A Guide to the SpatialGEV Package

Introduction to the GEV-GP Model

The generalized extreme value (GEV) distribution is often used to analyze sequences of maxima within non-overlapping time periods. An example of this type of data is the monthly maximum rainfall levels recorded over years at a weather station. Since there are typically a large number of weather stations within a country or a state, it is more ideal to have a model that can borrow information from nearby weather stations to increase inference and prediction accuracy. Such spatial information is often pooled using the Gaussian process.
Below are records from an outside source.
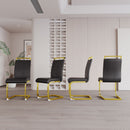 Side Dining Room Chair, Padded Seat High Back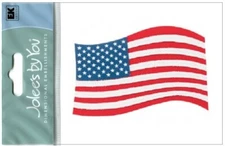 Old Glory, USA Flag,  scrapbook 3D embellishment Jolee's by You JJDB023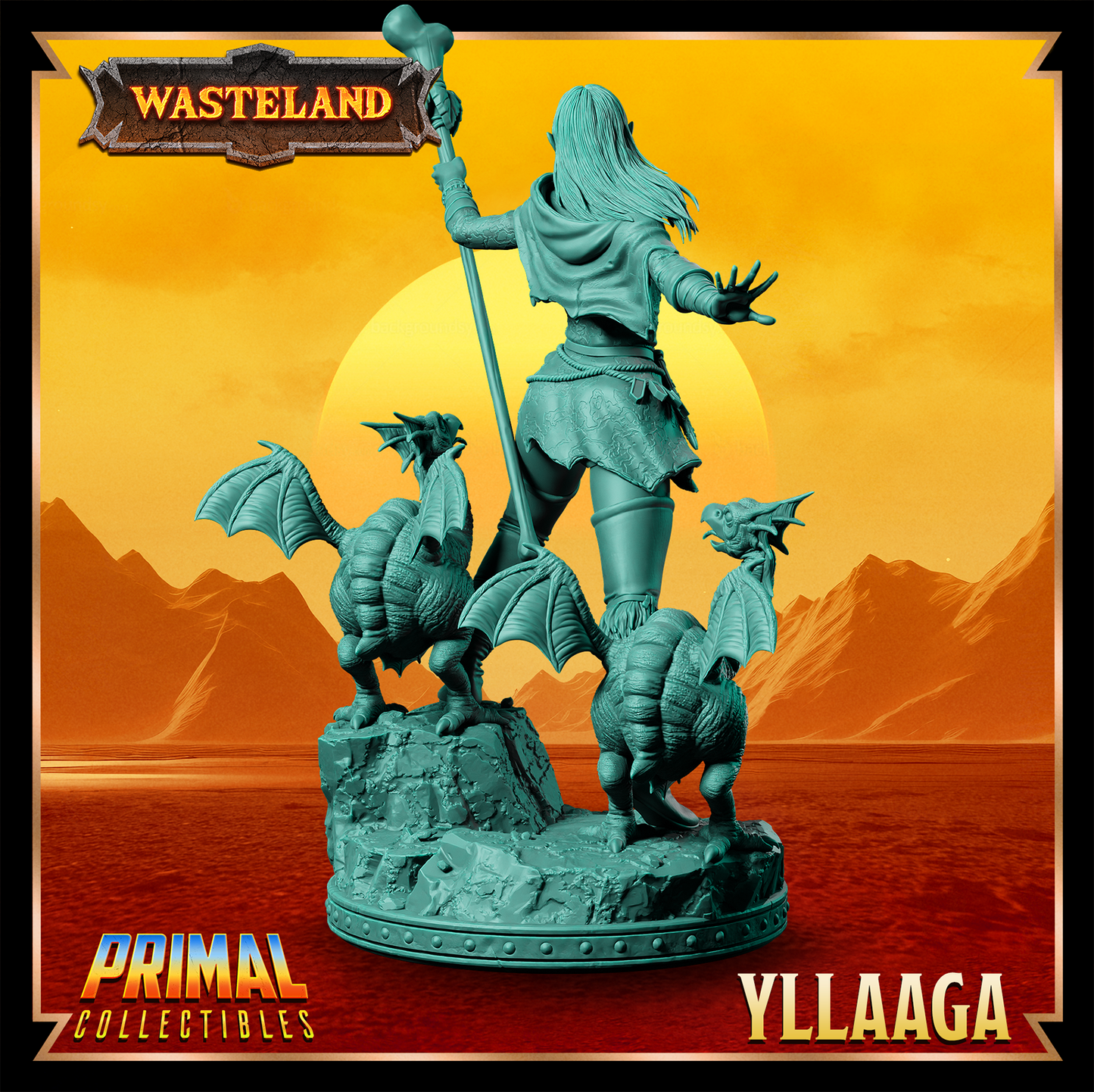 Yllaaga - Half Elf | 32mm / 75mm Scale | PRIMAL Collectibles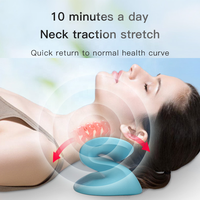 Bravo Orthopedic : Appareil de relaxation et de soutien cervical pour soulager la douleur, dispositif de traction cervicale, étireur de cou rembourré en mousse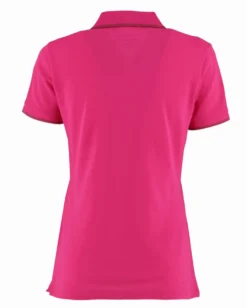 LOTTO - POLO  MEZZA MANICA DONNA CLASSICA STC PQ FUXIA CON RIGHINO BORDEAUX - 213501/0NW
The GEV-GP model is a hierarchical model with a data layer and a spatial random effects layer. Let $${\boldsymbol{x}}_1, \ldots, {\boldsymbol{x}}_n \in \mathbb{R}^2$$ denote the geographical coordinates of $$n$$ locations, and let $$y_{ik}$$ denote the extreme value measurement $$k$$ at location $$i$$, for $$k = 1, \ldots, n_i$$. The data layer specifies that each observation $$y_{ik}$$ has a generalized extreme value distribution, denoted by $$y \sim \mathrm{GEV}(a, b, s)$$, whose CDF is given by $$$F(y\mid a, b, s) = \begin{cases} \exp\left\{-\left(1+s\frac{y-a}{b}\right)^{-\frac{1}{s}}\right\} \ \ &s\neq 0,\\ \exp\left\{-\exp\left(-\frac{y-a}{b}\right)\right\} \ \ &s=0, \end{cases} \label{eqn:gev-distn}$$$ where $$a\in\mathbb{R}$$, $$b>0$$, and $$s\in\mathbb{R}$$ are location, scale, and shape parameters, respectively. The support of the GEV distribution depends on the parameter values: $$y$$ is bounded below by $$a-b/s$$ when $$s>0$$, bounded above by $$a-b/s$$ when $$s<0$$, and unbounded when $$s=0$$. To capture the spatial dependence in the data, we assume some or all of the GEV parameters in the data layer are spatially varying. Thus they are introduced as random effects in the model.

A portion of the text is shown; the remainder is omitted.